A goal at that time would have punctured the expectation of Old Trafford and brought back the uncertainties which have plagued their season of underachievement. Perhaps.

Town were not to threaten again until the very end of the first half, but defended competently against a United side which occasionally threatened but failed to seriously test Lössl until, and this is where the frustration comes in, a regulation near post corner saw Hadergjonaj fail to pick up his man. Lindelöf flicked on for the unmarked Matic to tap in a simple opener. Momentary disorganisation cost the visitors heavily.

Buoyed by their lead, the hosts piled on the pressure but were still not creating chances of any real quality until Rashford elegantly nutmegged Zanka and crossed to Dalot for what should have been an easy conversion. The Portuguese put the chance wide and Town were still in the game.

As the first half entered injury time, Pritchard – who played very well throughout – fed Billing in to the area with a deft ball but the young Dane optimistically decided to try to beat De Gea at his near post instead of squaring the ball inside to better placed colleagues. The attempt went weakly wide and Town’s second opportunity passed.

Despite being on the back foot for much of the first half, Town had largely contained United and were, at least, still theoretically capable of a result though few in the away section were counting upon it.

Encouragingly, Town gained quite a grip as the second half progressed and yet another opportunity was spurned as Depoitre chose to cut back in on to his right foot rather than attack the yawning space in front of him when played through. His hesitancy meant Mbenza took the ball away from him and hit it in to a defender. 

Earlier, a reasonable ball in to the area was treated to an ineffective overhead kick attempt by the Belgian, but he had a much better effort minutes later when he peeled off from his defender to connect with a rehearsed corner kick by Pritchard and force De Gea in to an excellent, instinctive save.

Kachunga also fired over following a good run by Kongolo.

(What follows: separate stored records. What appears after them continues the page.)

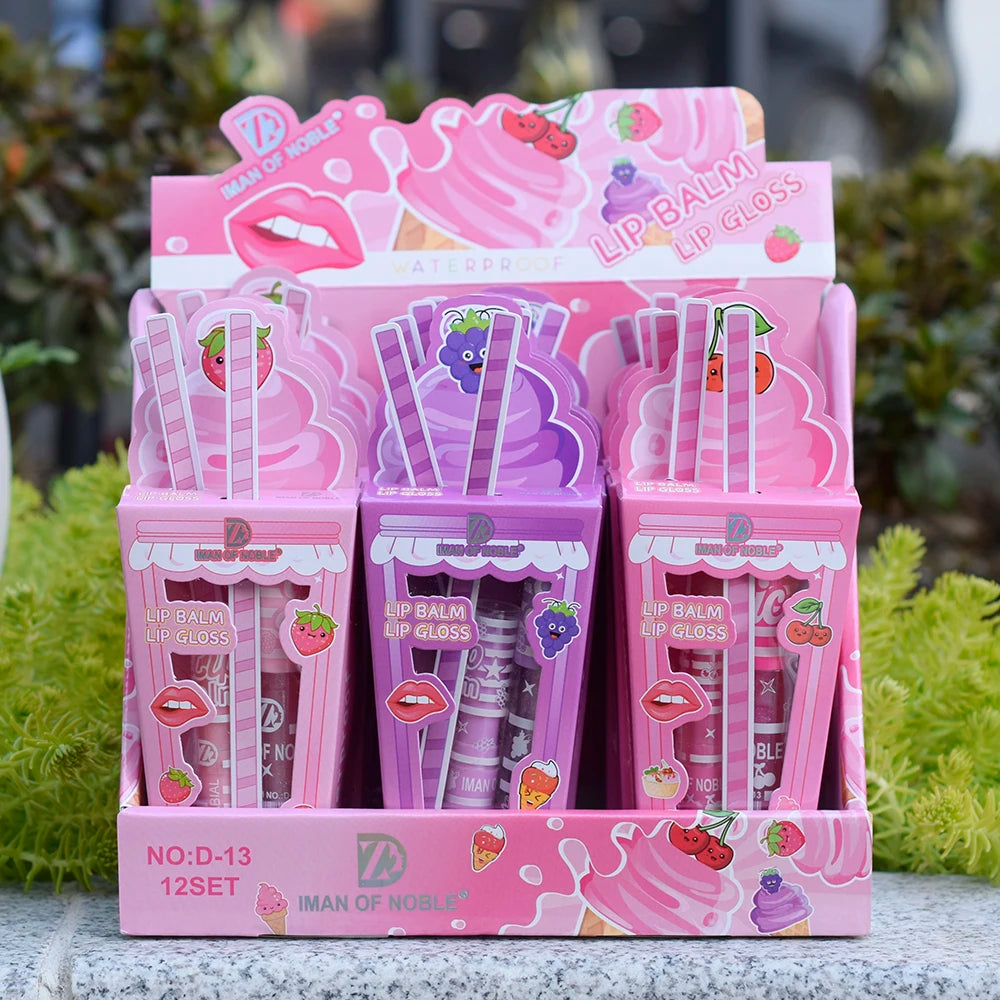 Cute ice cream-themed lip gloss and balm set in pink and purple display box with fruit illustrations.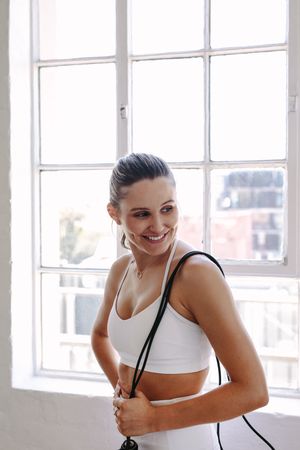 Young happy woman holding a jump rope after fitness class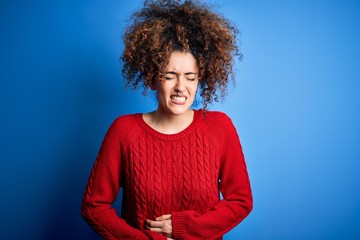 Fototapeta na wymiar Young beautiful woman with curly hair and piercing wearing casual red sweater with hand on stomach because nausea, painful disease feeling unwell. Ache concept.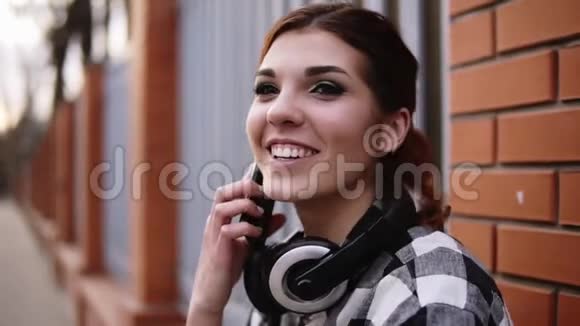 非常接近的镜头令人惊讶的是年轻女孩正在和朋友用手机交谈站在外面靠着视频的预览图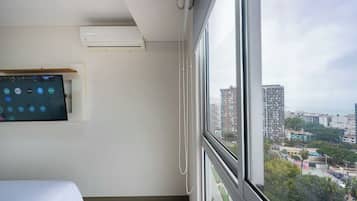Een hotelkamer met een groot raam, een bed, een wandtelevisie en een airconditioner.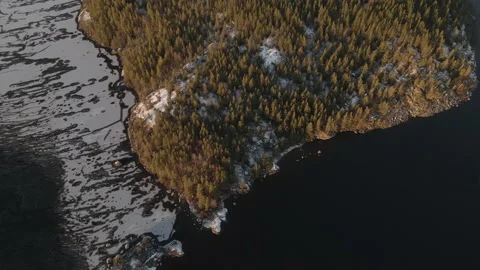 Aerial Reverse Tilt Up Drone Shot Of Half Island On Frozen Lake Sunset Stock Footage 224270318
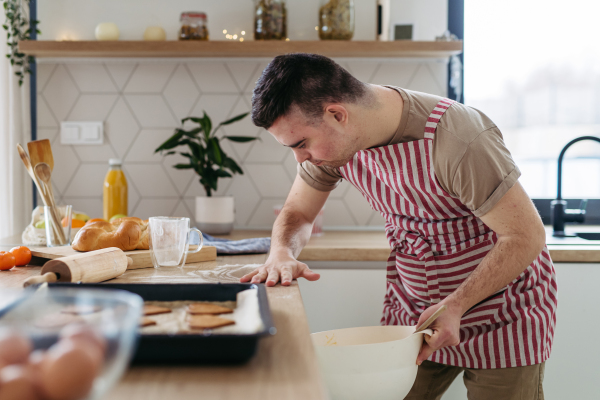 Young man with Down syndrome baking cookies at home. Everyday routine for man with Down syndrome genetic disorder.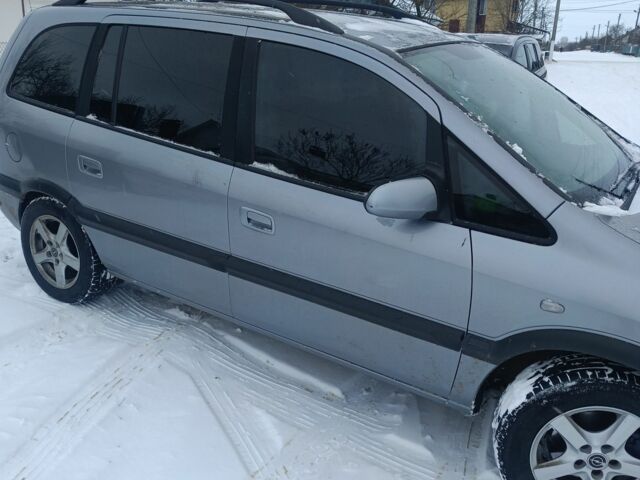 Серый Опель Зафира, объемом двигателя 2 л и пробегом 308 тыс. км за 3900 $, фото 3 на Automoto.ua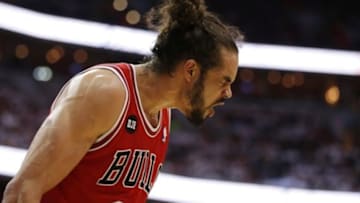Apr 25, 2014; Washington, DC, USA; Chicago Bulls center Joakim Noah (13) yells on the court against the Washington Wizards in the third quarter in game three of the first round of the 2014 NBA Playoffs at Verizon Center. The Bulls won 100-97. Mandatory Credit: Geoff Burke-USA TODAY Sports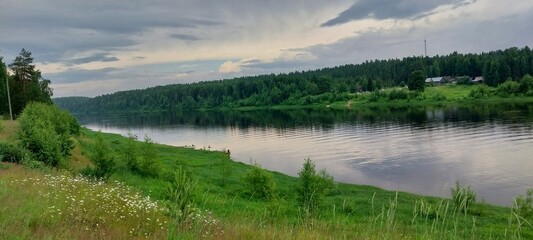 Serene River Landscape: Calm Waters and Lush Green Banks Under a Dramatic Sky for Nature-Inspired Design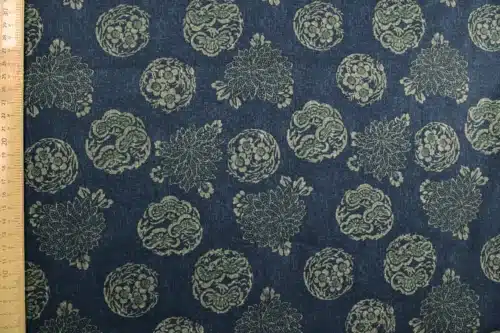 Japanese hanamaru floral medallions fabric navy blue background, flat with ruler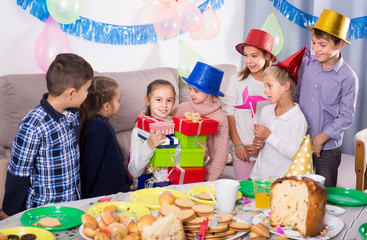 Friendly children presenting gifts to girl birthday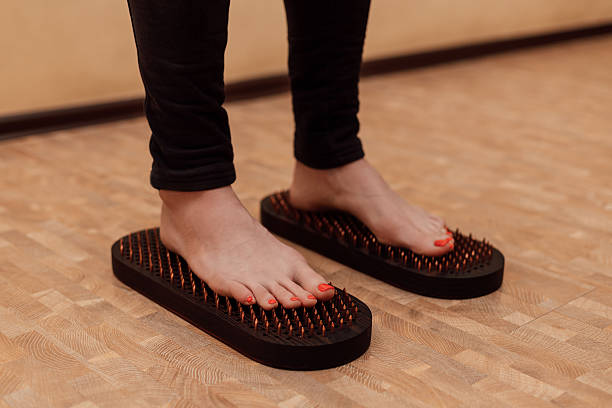 istock Women's feet on nails. A woman's legs. Sadhu Board Therapy 2210079153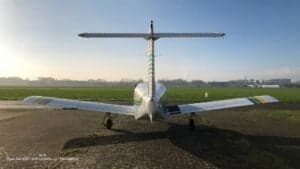 Rear view of the Piper Lance II aircraft on the tarmac.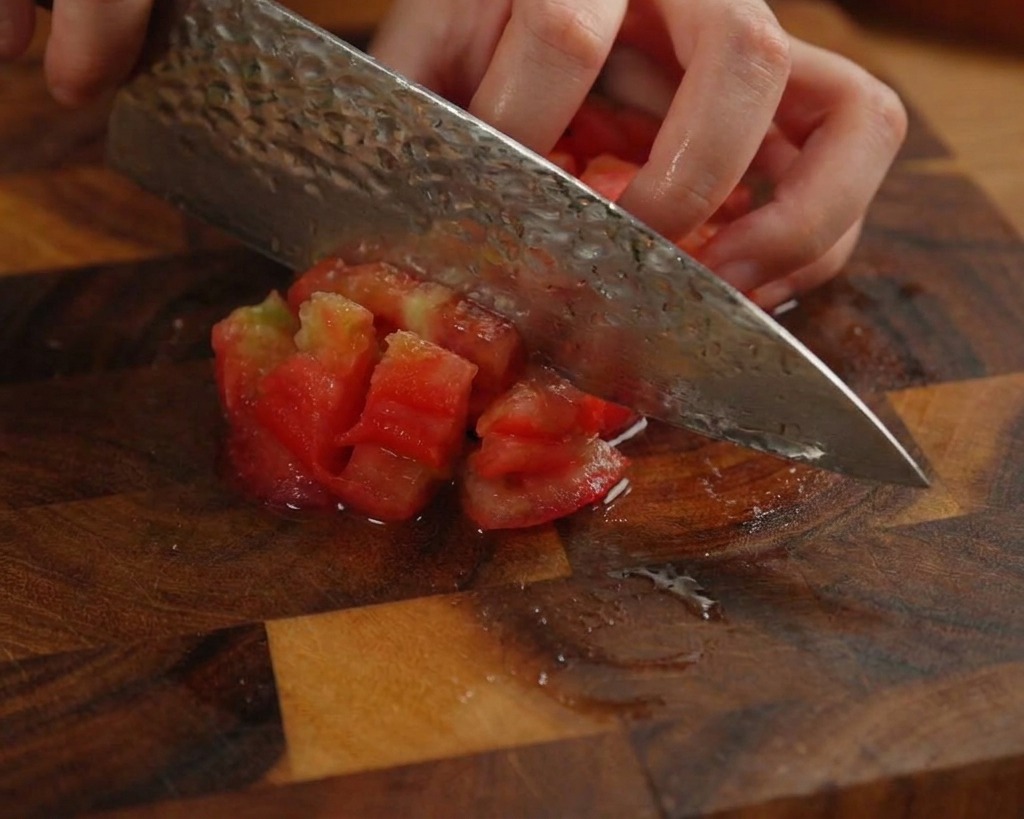 Una persona picando un tomate pelado en cubos pequeños sobre una tabla de madera oscura.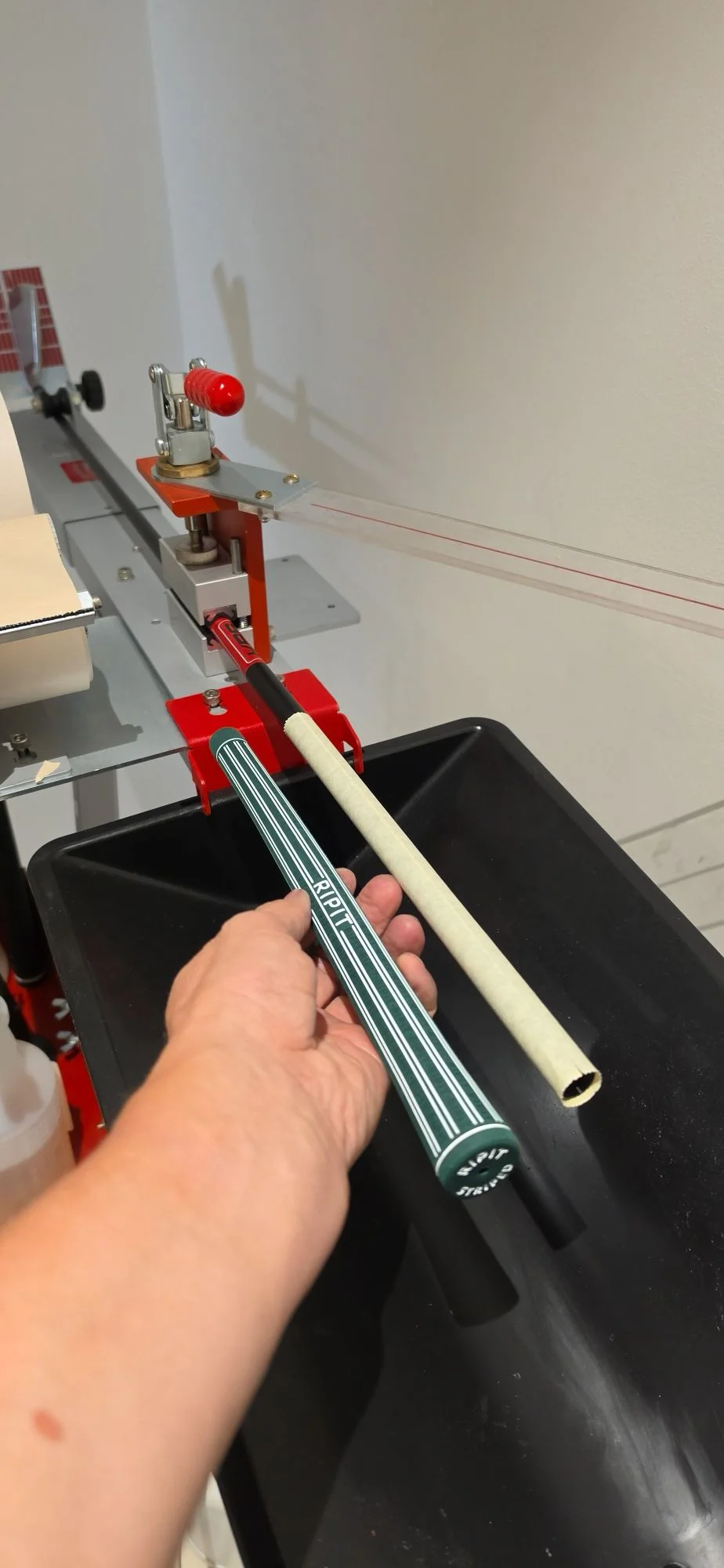 Golf grip and shaft held at workshop equipment during precise component work
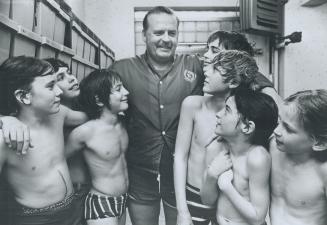 Still a hero: Cliff Lumsden is surrounded by admiring student swimmers in this 1973 picture taken at an Etobicoke pool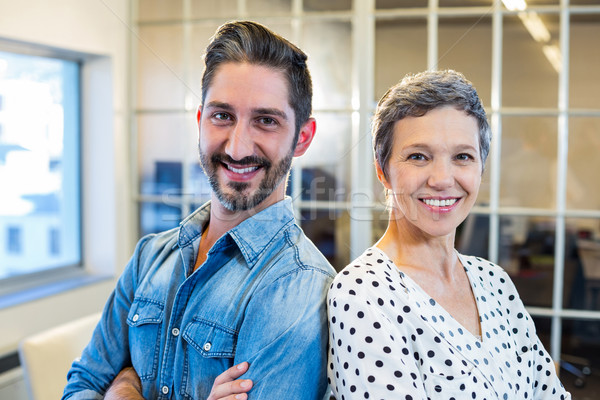 Stock photo: Smiling team standing arms crossed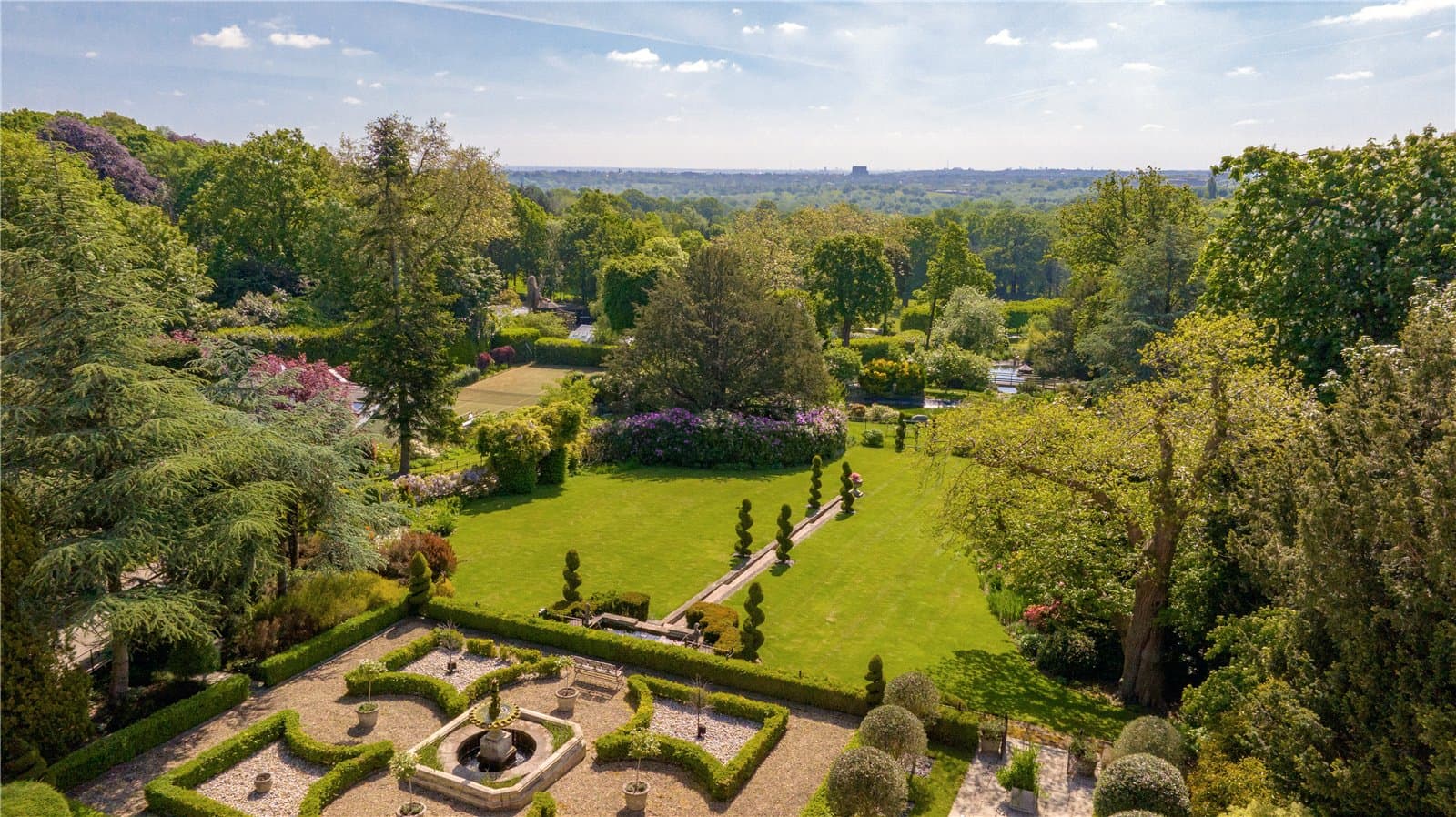 Landscaped gardens and grounds at Highwood Lodge, Highwood Hill, London with formal terraces and countryside outlook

At this point, Town were the more dominant force and – frustration abounds – it was a little against the run of play when United doubled their lead and ended the contest. Mata surged into the area on the right, sucking in defenders towards him, laid the ball back to Herrera who nudged it on to the unmarked and unchallenged Pogba (again, Hadergjonaj was slow to react, but he wasn’t alone) who swept the ball in.

The killer second came 3 minutes after Depoitre’s saved effort and, as has been the case in most games all season, Town had failed to make the most of the moments in a game which translate in to points. Frustratingly.

A third goal put the rather flattering icing on the cake for the home side. Possibly seduced by the numerous weak efforts by home players throughout the game, Hadergjonaj stood and watched one of the best players in the world calmly pick his spot from 20 yards rather than make a fairly routine challenge which would have blocked the effort. Pogba stood in silent tribute to himself for a good strike, but it was hugely facilitated.

A late consolation by top scorer Zanka – a condemnation in itself – gave the scoreline some deserved respectability, but with just two wins and far too few goals at the halfway point of the season, relegation looks increasingly likely if not inevitable.

In and amongst the gloom – and things are very gloomy – this was a creditable performance against a rejuvenated, if not exactly thrilling, United side who possess players of high quality. Town made them look quite ordinary for long periods but, as usual, were unable to punish the opposition when opportunity knocked. To do so without Mooy and Hogg was commendable but, of course, fruitless.

The lack of points and goals reached a critical point some time ago – failures against bottom half clubs hurt much more than dropping points at Old Trafford – and the next 3 games have become crucial and defining. Gain 7 or 9 points and Town are back in the survival fight; any fewer and hope will virtually disappear.

Possibly the biggest frustration of the whole season is that we are a much better team than last season – yesterday’s display was significantly better than in February – but this is counting for nothing when we consistently fail to take advantage of those moments in games which garner points; something we could do last season at times.

A January striker is essential, though it is far from certain that this will make enough, if any, difference as the pressure of being bottom and possibly adrift weighs heavier and heavier upon fragile shoulders.

On to Fulham and their new shape and better defence.